Much of the critical debate on EM in Europe has been dominated by liberals and the centre left who worry that EM is, or will be, used too punitively on individuals; the conservative view that it is insufficiently punitive exists but has largely been marginalised. In Australia, that voice has been sufficiently strong to ensure that radio frequency EM home confinement projects have not only been underused by courts and underinvested in by other agencies, but eventually closed down. GPS tracking seems set to replace them, but Marietta Martinovic expects the same lack of investment by stakeholders. The continuing misplaced confidence in its penal capacity and the same absence of informative media and educational strategies which undermined the use of radio frequency EM to ensure that GPS will not be the transformational technology our Ministry of Justice believes it to be.

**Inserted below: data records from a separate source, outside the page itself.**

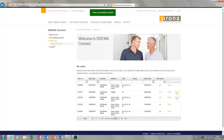Back on the Order List page in the portal, we receive a confirmation at the top of the screen, marked in green, to let us know that the order is successfully accepted.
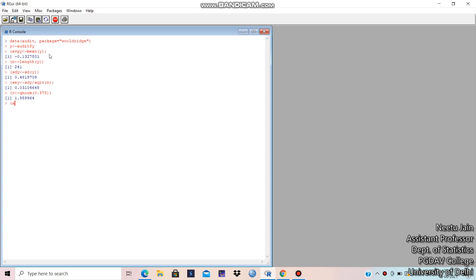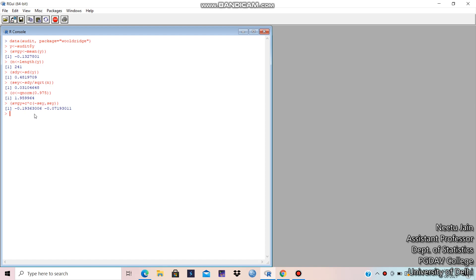We compute the confidence interval as mean plus or minus the C value multiplied by the standard error. I'm writing it as a vector: mean plus qnorm multiplied by c(-SE_y, +SE_y), because it will give you the lower and upper values simultaneously. The minus SE_y gives the lower limit and plus SE_y gives the upper limit of the confidence interval.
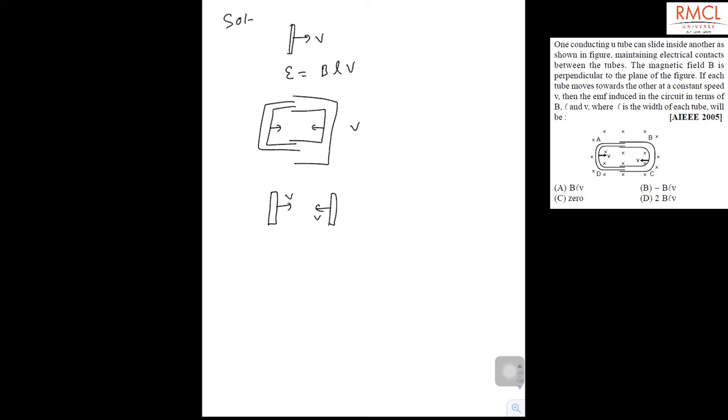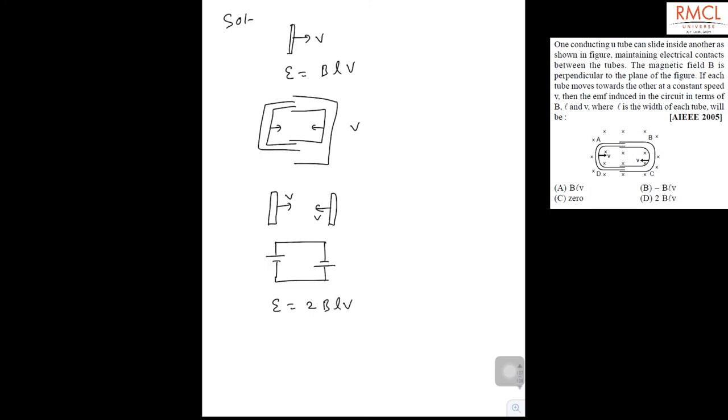Here the EMF induced on both will be like this. These two EMFs will be in series, so total EMF will be equal to 2BLV.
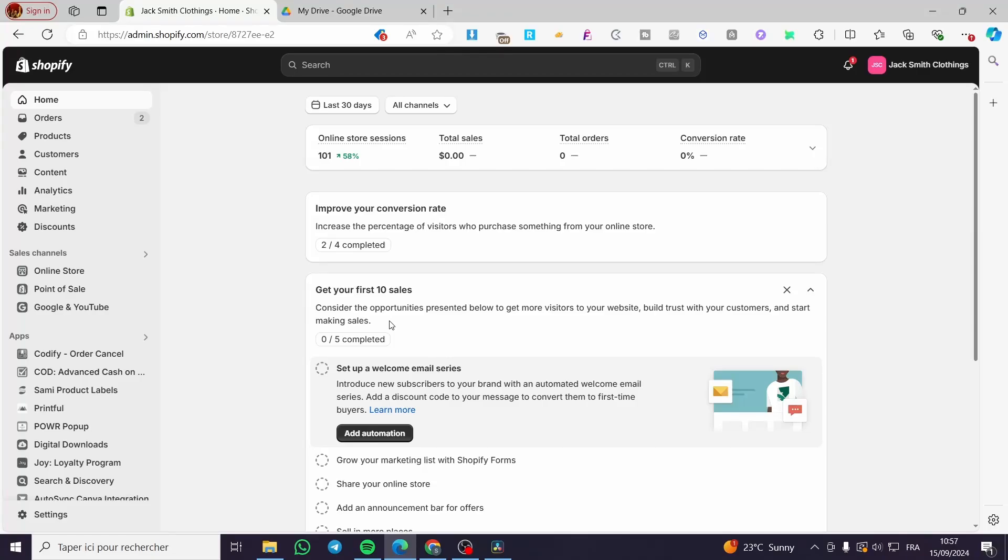How to create buy two get discount in Shopify. Hello guys and welcome to this new tutorial. Today I'm going to show you how easy it is to create a discount to let people know that they can buy two items from a specific product to get a discount on the third one or any product. All you need to do is follow the tutorial from the beginning to the end and you will be good to go.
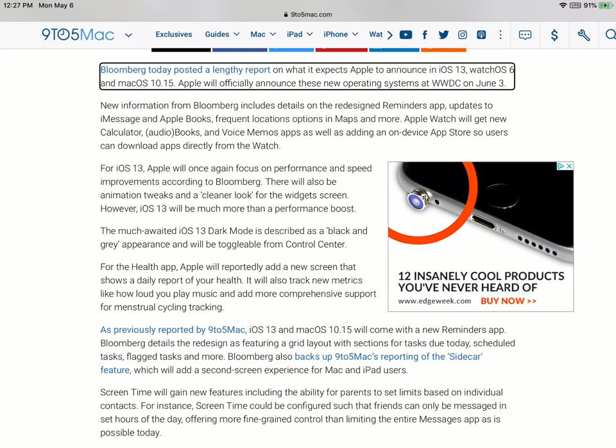WatchOS 6 will be getting a built-in calculator, an audiobook reader, and an app store so that you can download applications to the Apple Watch.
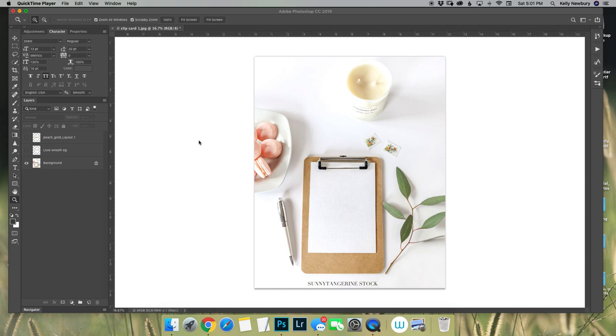Hey everyone, it's Kelly from Sunny Tangerine Stock and today I want to show you how to use the new mock-ups that have been coming out in my shop.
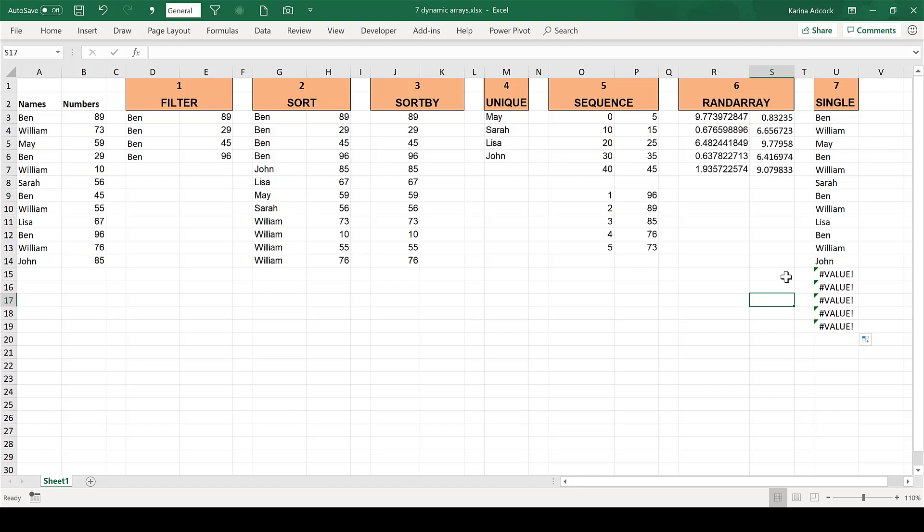In this video I have shown you Excel's seven new dynamic array formulas, and that is everything.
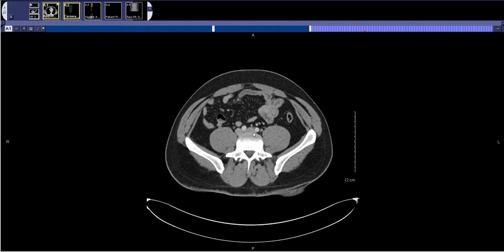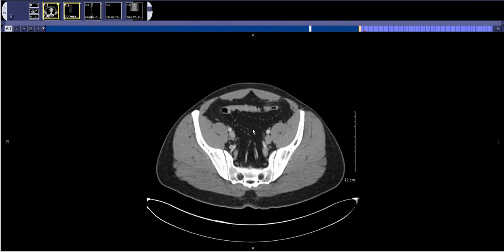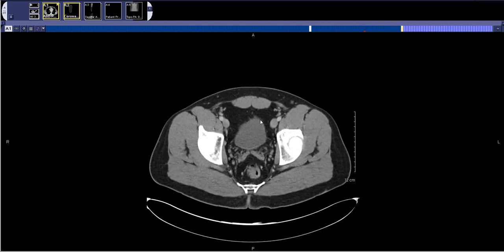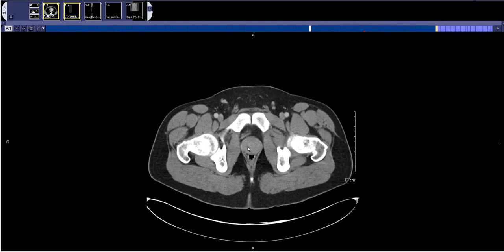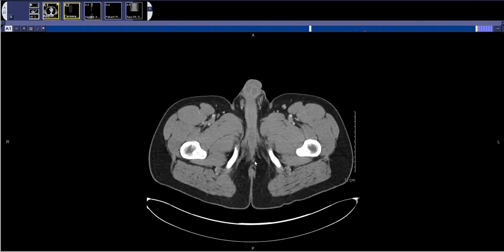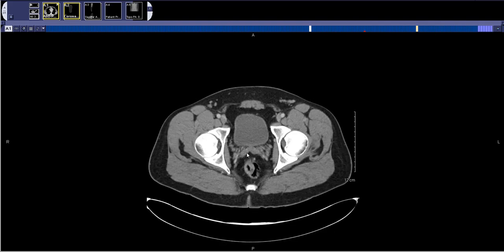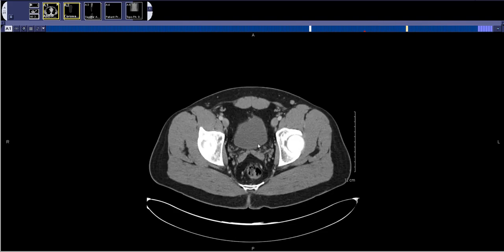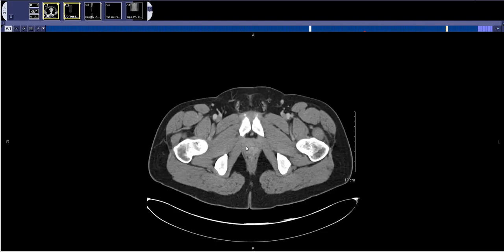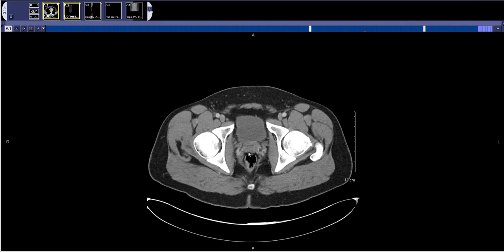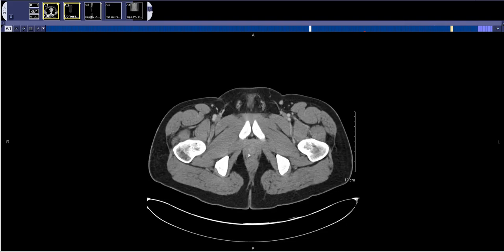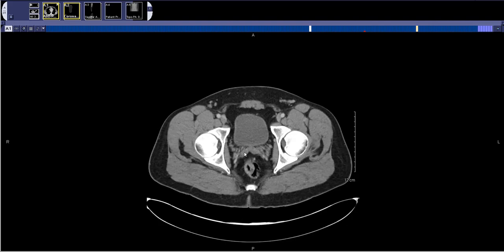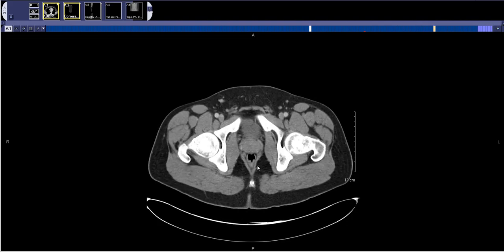At that point I switch down to the organs of the pelvis. This patient's a male, so we'll see the urinary bladder, the prostate, and the seminal vesicles. For the bladder you're looking for any wall thickening, mass, or stone. For the prostate, you're mostly seeing if it's normal in size, although you can also have prostate abscesses or cancer.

For James Kilgore, who had personal experience of it, this may be no bad thing. He paints a dismal picture of EM use in the USA, with lockdown forms of home confinement co-existing with GPS. Kilgore also notes how lucrative EM remains for local and global businesses. Craig Paterson explores the neoliberal rationales which increasingly drive the global trade in ‘technocorrections’, eroding by different degrees in different places the imperfectly humanitarian forms of penal practice that had gained traction under social democracy. Paterson rightly says that the political and commercial imperatives to upgrade EM are ‘contestable’, but no means of contestation are good for all time, and the ways that have worked in Europe up to now may be vulnerable from unlikely sources.

The wise and necessary insights of desistance research have been cynically used by English policymakers to legitimate dispensing with the Probation Service, and everybody buys into desistance, right? Academics beware. Any finding that stand-alone EM can have positive effects on its own, however slight or occasional, might well be used politically to justify less integrated forms of EM, which may only require a little ‘assisted compliance’ from non-professionals to help people get through them. Far from EM supporting social work, as it has sometimes done, social assistance from non-professionals comes to support EM as an end in itself. Nor does it matter that EM has only a demonstrably ‘limited’, short-term effect – the obvious political solution to that is further successive periods of EM, intermittent or incessant oversight with one technology or another, maybe several all at once. We live in new times.

References

Nellis, M, (2014), ‘Understanding the Electronic Monitoring of Offenders in Europe: expansion, regulation and prospects’, in Crime, Law and Social Change.